Frau Schöneburgs Schutzengel
„Verschwinde!“, blaffte ich, knallte das Fenster zu und legte mich zurück ins Bett. In sechs Stunden musste ich aufstehen, mich für die Schule fertig machen und eine Mathearbeit schreiben. Bisher hatte ich kein Auge zugemacht.
Wieder kratzte es an der Glasscheibe.
„Das kann doch nicht wahr sein!“ Ich zog mir die Decke über den Kopf und versuchte, das Geräusch zu ignorieren. Die Folge war, dass es nur noch lauter wurde. Also stand ich erneut auf und öffnete das Fenster.
„Was willst du? Da drüben ist dein Zuhause. Geh schon!“, zischte ich und wedelte mit meiner Hand vor Minas Nase herum.
Ein Miau war die Antwort. Ich hatte die Nachbarskatze ewig nicht gesehen und eigentlich kam sie nie so nah an unser Haus. Aber jetzt drehte sie sich auf der Fensterbank, zuckte mit ihrem getigerten Schwanz und sah nicht aus als würde sie gleich Ruhe geben.
„Es reicht mir. Ich bringe dich jetzt rüber“, sagte ich zu Mina als könnte sie mich verstehen. Ich zog mir die Turnschuhe über die nackten Füße und stieg über das Fensterbrett hinaus in den Garten. Wenn meine Eltern rausfanden, dass ich mich mitten in der Nacht rausschlich, um Frau Schöneburg ihre nervtötende Katze zu bringen, konnte ich mit einer Woche Stubenarrest rechnen.
Ich verschränkte die Arme vor der Brust und stapfte mit verwuschelten Haaren und im Schlafanzug über den Rasen auf das Grundstück der Nachbarin. Zu meiner Überraschung folgte mir Mina nicht nur, sondern lief sogar bis zur Haustür voraus. Ich verdrehte die Augen. Den Weg hätte die Katze also auch alleine gefunden.
Der Sensor schaltete automatisch eine kleine Lampe auf der Veranda ein. Ich klopfte zaghaft an das verschlissene Holz. Niemand öffnete. Natürlich öffnete niemand.
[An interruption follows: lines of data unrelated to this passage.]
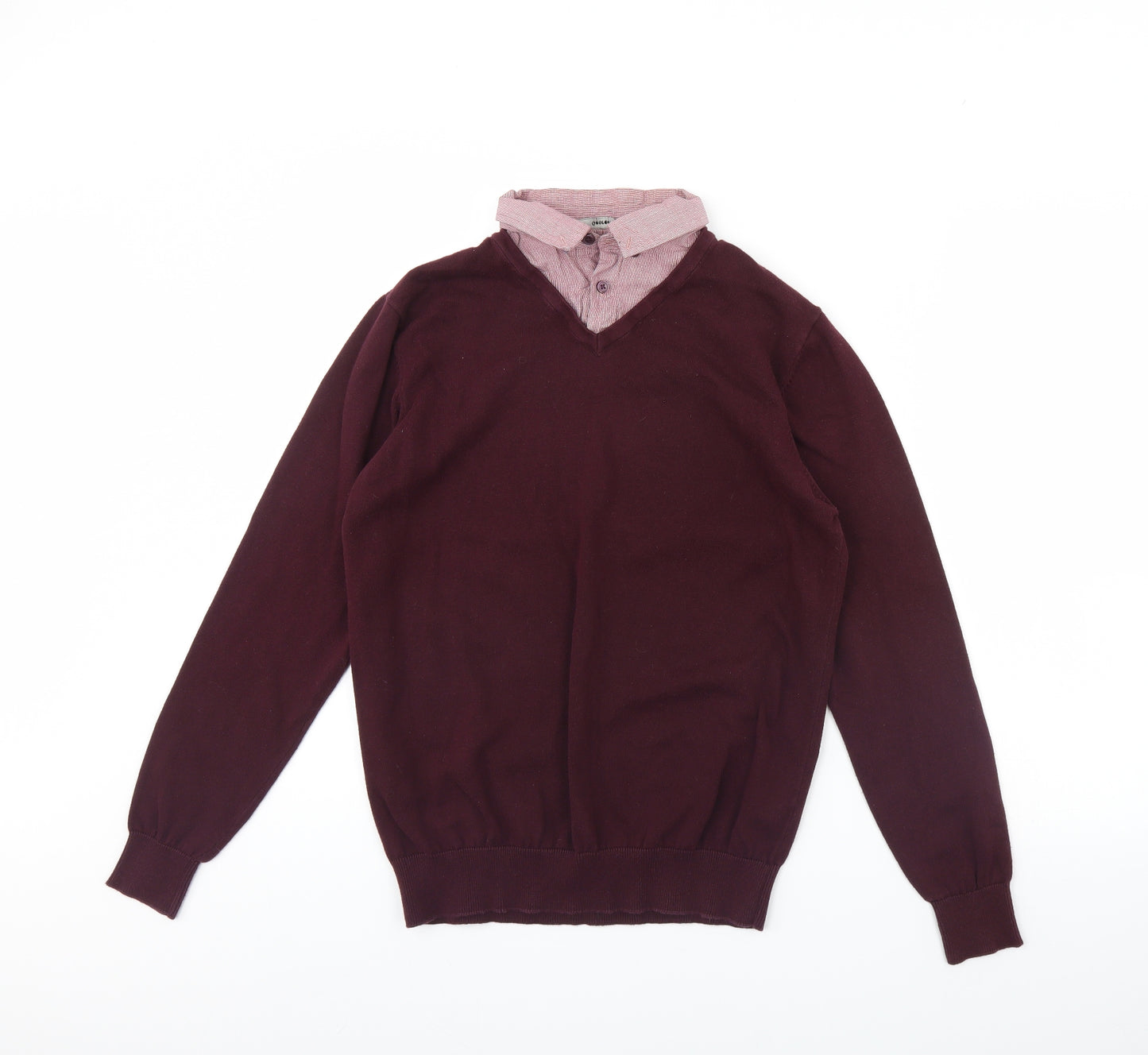 George Mens Red   Pullover Jumper Size M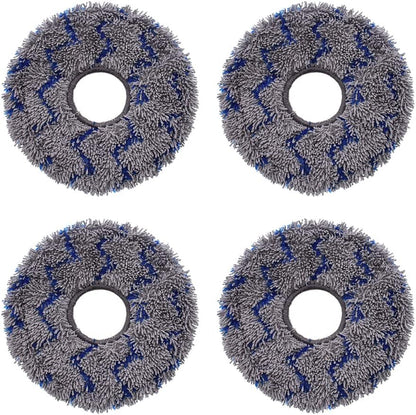 neutop Replacement Mopping Pads Microfiber Mop Cloths for Ecovacs Deebot X1 Turbo, 4-Pack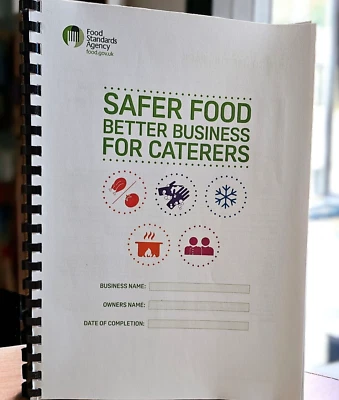 FSA New Safer Food Better Business For Caterers Pack SFBB Food Standard Agency 2025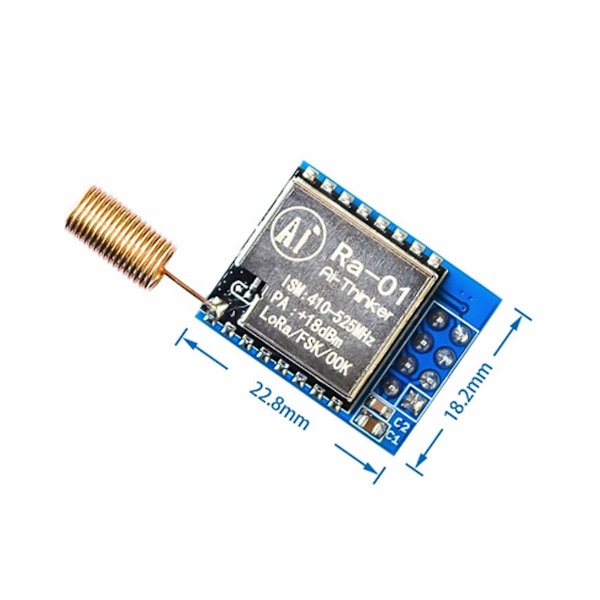 Ra-01 Lora Sx1278 433m Trådløs Spread Spectrum Transmissionsmodul Mest Fjerne 10km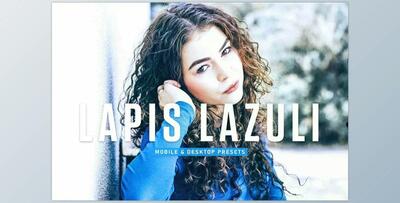 Lapis lazuli Pro Lightroom Presets CreativeMarket - 6923962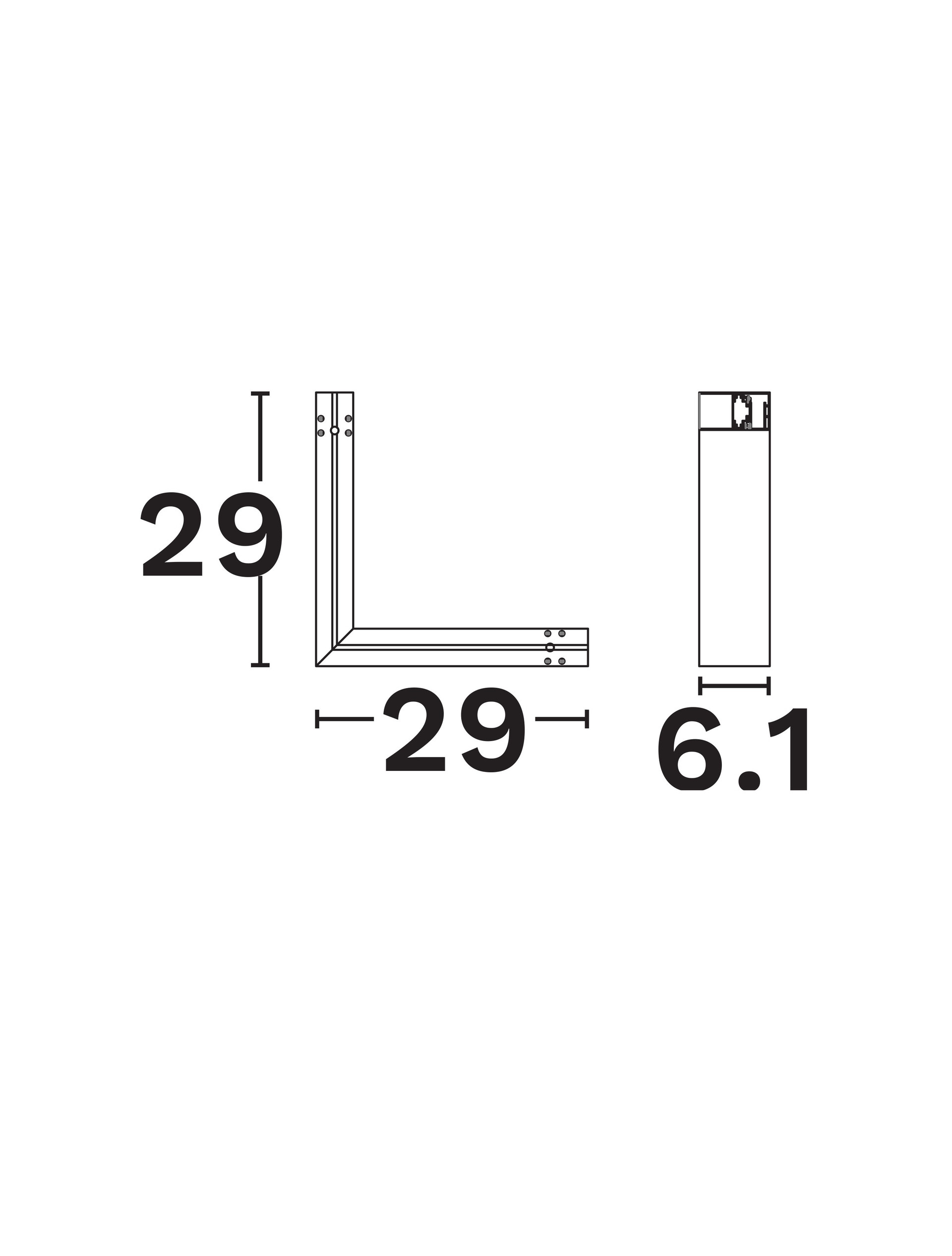 Buxton Magnetic B-Horizontal 90deg connector-connector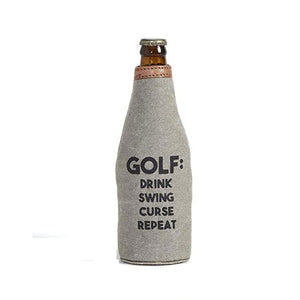 Mona B Pint Beer Bottle Covers with Stylish Printing for Men and Women (Swing Curse Repeat)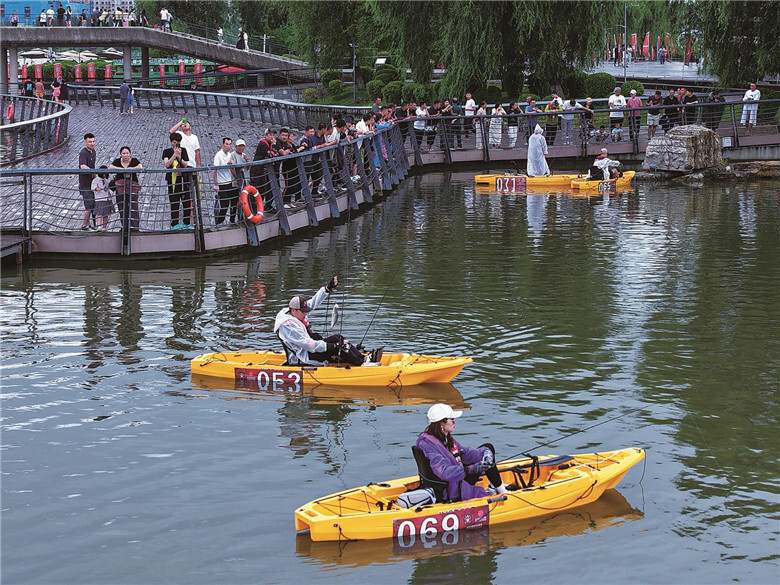 梅河口国际路亚大赛现场。 赵冬 摄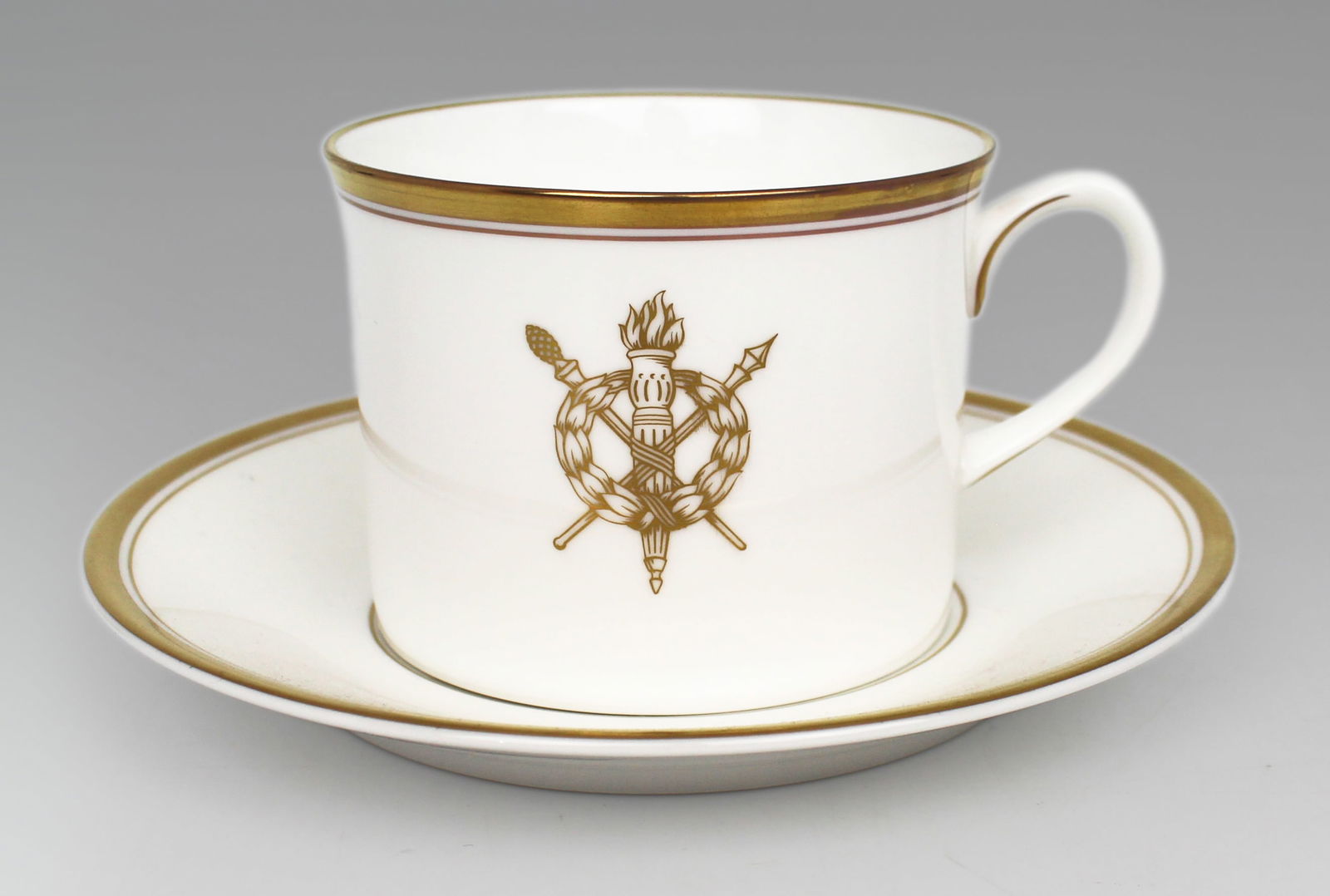 Royal Worcester Commemorative Tea Cup & Saucer Retailed by Harrods: Title:Royal Worcester Commemorative Tea Cup & Saucer Retailed by Harrods Description: Royal Worcester Commemorative Tea Cup & Saucer Retailed by Harrods Royal Worcester. Late 20th century,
Es war halb eins in der Nacht. Also klopfte ich stärker. Mina beobachtete mich geduldig.
„Tja, da hast du wohl Pech. Dein Frauchen schläft. Im Gegensatz zu mir!“ Ich drehte mich um und wollte gehen, doch Mina lief hinter mir her und haute mit der Tatze von hinten gegen mein Bein.
„Au! Was soll das?“
Wieder antwortete sie mit einem Miau und trippelte zurück zu Frau Schöneburgs Haus. Dabei schaute sie mehrmals zu mir und maunzte. Schließlich blieb sie unter einem der Fenster sitzen. Ich ließ die Schultern hängen und stieß einen genervten Seufzer aus. Ich musste Frau Schöneburg raten, eine Katzenklappe zu besorgen.
Diesmal klopfte ich direkt beherzt gegen das Fenster, aber es gab nach und schwang ein Stück nach innen auf. „Ist das dein Ernst? Du hättest einfach hochspringen können“, sagte ich zu Mina und funkelte sie böse an.
Dann stellte ich mich auf Zehenspitzen, um einen Blick ins Haus zu werfen. Durch das Wohnzimmer konnte ich bis zum Flur sehen und irgendwo im hinteren Teil des Hauses brannte Licht.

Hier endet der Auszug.